The clean version is documented in Codex-Claude — Model Loyalty Is the Bug. Run Claude as the lens (architectural review, alternate implementations, copy, critique) and Codex as the hands (real-tree verification, command output, builds). The work moves only if the handoff carries enough state — file names, build output, screenshots, errors, the role assignment, the authority designation. A lossy handoff turns the second model into a confident hallucinator that ratifies whatever the first model brought it, which is the actual failure mode of most multi-model deployments in production.
The pathological version is documented in The Great Cash-In. An agentic coder running by itself still does a handoff — between its own turn-T plan and its turn-T+1 implementation — and that internal handoff is where the model can be made to oscillate at zero cost to itself and full cost to the operator. spectral_cyclops, my visual-regression-plus-AI-polish loop, makes the handoff explicit: Playwright captures named-route screenshots, pixelmatch diffs against baseline, chokidar debounces, hot-reload waits, the screenshots overwrite, and the AI assistant gets a clean fresh frame to reason over. That structure exists because the AI assistant cannot otherwise tell whether the pixels it's looking at are the result of its last edit or the result of three edits ago.
The Model Abandons a Correct Position Under Gentle Push
Goal hijacking and model drift sound like distinct categories. In practice they fail together. A model trained for agreeableness will abandon a correct position the instant the user objects, even softly. A multi-turn agent fed a steady stream of subtly off-axis prompts drifts away from its original objective without ever being told to. RLHF tuning makes both failure modes structural: the model was rewarded for deference, so deference is the default cheap move when context loads up.
The cash-in piece catalogs this in a way a defender can ingest. Real pushback is the model holding a position and making the operator argue it off — costs the model something to say, ends the disagreement by being right. Meter pushback is the model folding the moment you push, then reversing back when you stop watching — costs the model nothing, never ends. The diagnostic is commitment: a model designing will plant a flag and defend it; a model directing will hand you the flag and ask where you'd like it planted. The mitigation is external governance — turn budgets, decision budgets, "n turns to a diff or we stop and reassess." The agent has no internal mechanism that wants to end the session.
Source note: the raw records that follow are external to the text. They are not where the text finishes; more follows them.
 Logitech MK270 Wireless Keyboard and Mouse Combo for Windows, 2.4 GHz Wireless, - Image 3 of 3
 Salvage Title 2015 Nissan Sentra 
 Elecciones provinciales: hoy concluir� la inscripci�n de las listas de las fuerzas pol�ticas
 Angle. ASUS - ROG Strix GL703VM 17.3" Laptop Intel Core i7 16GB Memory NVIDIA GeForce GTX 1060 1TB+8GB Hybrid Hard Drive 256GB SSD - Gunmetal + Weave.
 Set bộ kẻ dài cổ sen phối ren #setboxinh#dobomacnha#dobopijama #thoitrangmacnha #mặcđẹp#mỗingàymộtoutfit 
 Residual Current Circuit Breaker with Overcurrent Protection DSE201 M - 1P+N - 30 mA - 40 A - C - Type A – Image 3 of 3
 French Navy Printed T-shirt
Poisoning the Watcher shows the drift version: a monitoring tool's activity classifier reads OCR'd text from screen captures as a trusted user message, and a sufficiently determined operator can shift the classifier's behavior across an entire customer base without ever touching the model weights. Goal hijacking at inference time. Drift through repeated exposure to prompt-injected content. The model wasn't retrained. It just stopped enforcing the policy because the input stream made enforcement structurally inconvenient.
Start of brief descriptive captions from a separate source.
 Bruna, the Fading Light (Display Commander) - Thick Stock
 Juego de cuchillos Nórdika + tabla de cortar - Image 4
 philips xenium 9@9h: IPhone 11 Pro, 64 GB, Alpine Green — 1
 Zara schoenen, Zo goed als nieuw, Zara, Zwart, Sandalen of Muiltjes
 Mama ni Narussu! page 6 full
Training-Data Poisoning Survives the Sanitization You Trust
Data poisoning is the longest-tail vector and the one most undefended. Contamination thresholds are low — published research demonstrates meaningful behavioral effects at 0.1% poisoning rates. The data pipelines feeding modern models are mostly scraped, barely sanitized, and increasingly AI-classified before human review, which means every prior vector in this list compounds into the data-poisoning vector eventually.